Hi,
I've came across "unexpected" model behaviour when dealing with late data
and custom timestamp combiners. Let's take a following pipeline as an
example:
final PCollection<String> input = ...;
input.apply(
"GlobalWindows",
Window.<String>into(new GlobalWindows())
.triggering(
AfterWatermark.pastEndOfWindow()
.withEarlyFirings(
AfterProcessingTime.pastFirstElementInPane()
.plusDelayOf(Duration.standardSeconds(10))))
.withTimestampCombiner(TimestampCombiner.LATEST)
.withOnTimeBehavior(Window.OnTimeBehavior.FIRE_IF_NON_EMPTY)
.accumulatingFiredPanes())
.apply("Aggregate", Count.perElement())
The above pipeline emits updates with the latest input timestamp it has
seen so far (from non-late elements). We write the output from this
timestamp to kafka and read it from another pipeline.
Problem comes when we need to handle late elements behind output watermark.
In this case beam can not use combined timestamp and uses EOW timestamp
instead. Unfortunately this results in downstream pipeline progressing it's
input watermark to end of global window. Also if we would use fixed windows
after this aggregation, it would yield unexpected results.
There is no reasoning about this behaviour in the last section of lateness
design doc <https://s.apache.org/beam-lateness> [1], so I'd like to open a
discussion about what the expected result should be.
My personal opinion is, that correct approach would be emitting late
elements with currentOutputWatermark rather than EOW in case of EARLIEST
and LATEST timestamp combiners.
I've prepared a faling test case for ReduceFnRunner
<https://github.com/dmvk/beam/commit/c93cd26681aa6fbc83c15d2a7a8146287f1e850b>,
if anyone wants to play around with the issue.

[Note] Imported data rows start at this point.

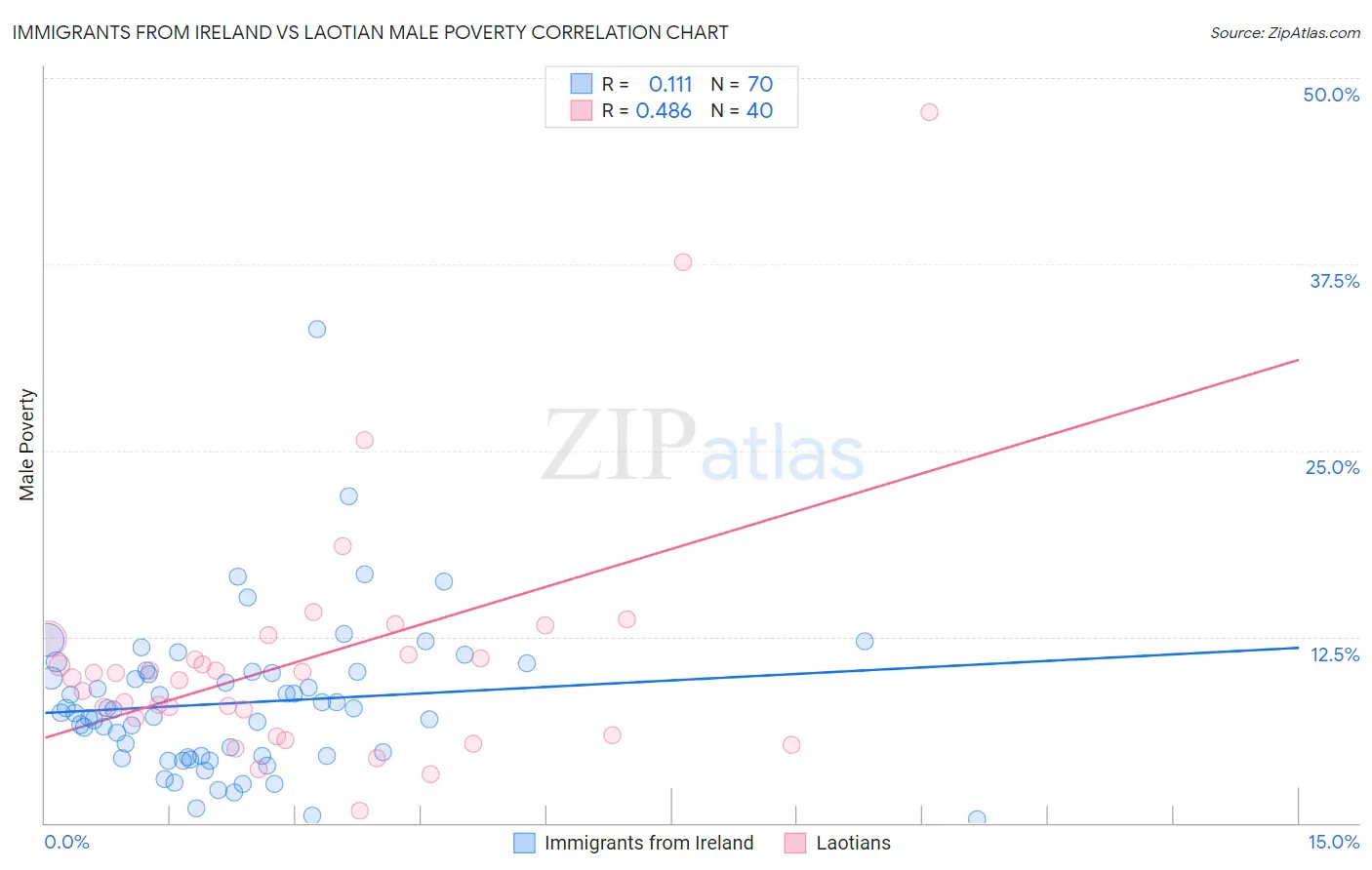 Immigrants from Ireland vs Laotian Male Poverty
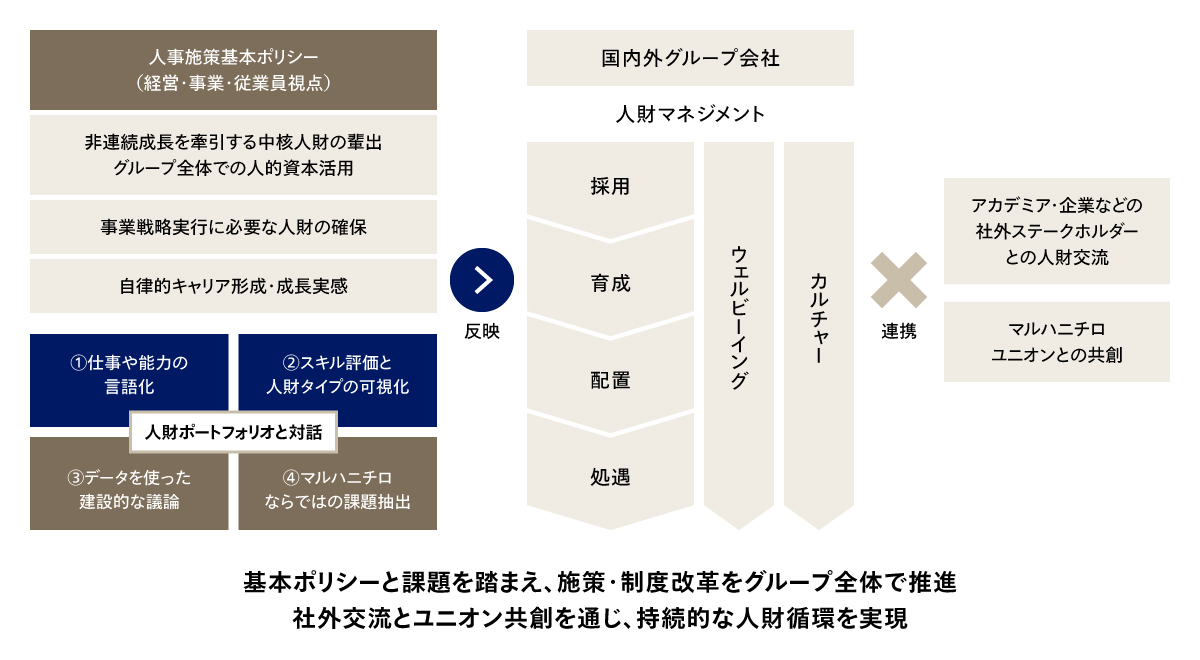 基本ポリシーと課題を踏まえ、グループ内外を巻き込んだ多様な改革を推進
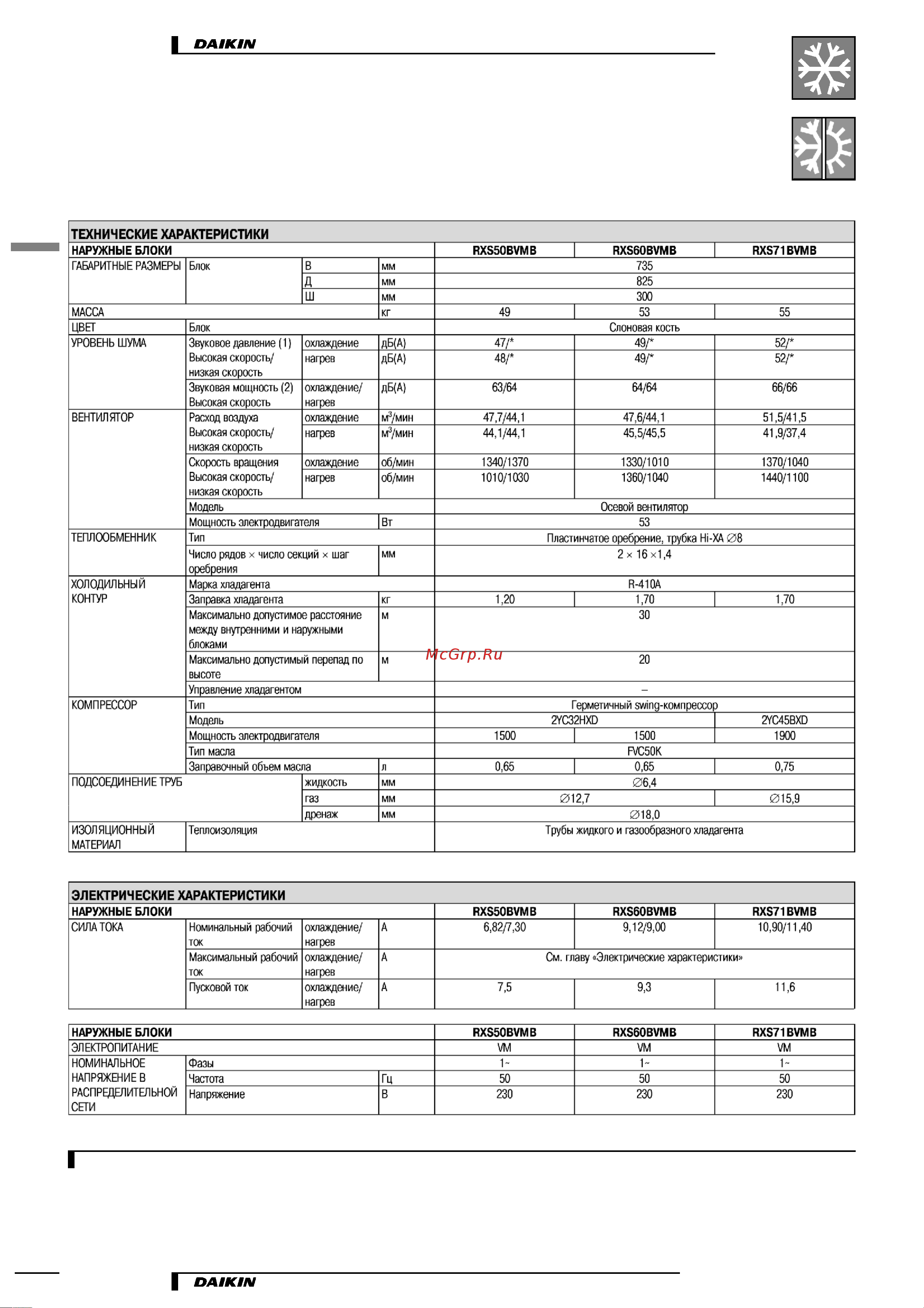 Daikin RXS50BVMB [4/32] Характеристики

I also think that BEAM-2262
<https://issues.apache.org/jira/browse/BEAM-2262> [2] may be related to
this discussion.
[1] https://s.apache.org/beam-lateness
[2] https://issues.apache.org/jira/browse/BEAM-2262
[3]
https://github.com/dmvk/beam/commit/c93cd26681aa6fbc83c15d2a7a8146287f1e850b
Looking forward to hearing your thoughts.
Thanks,
D.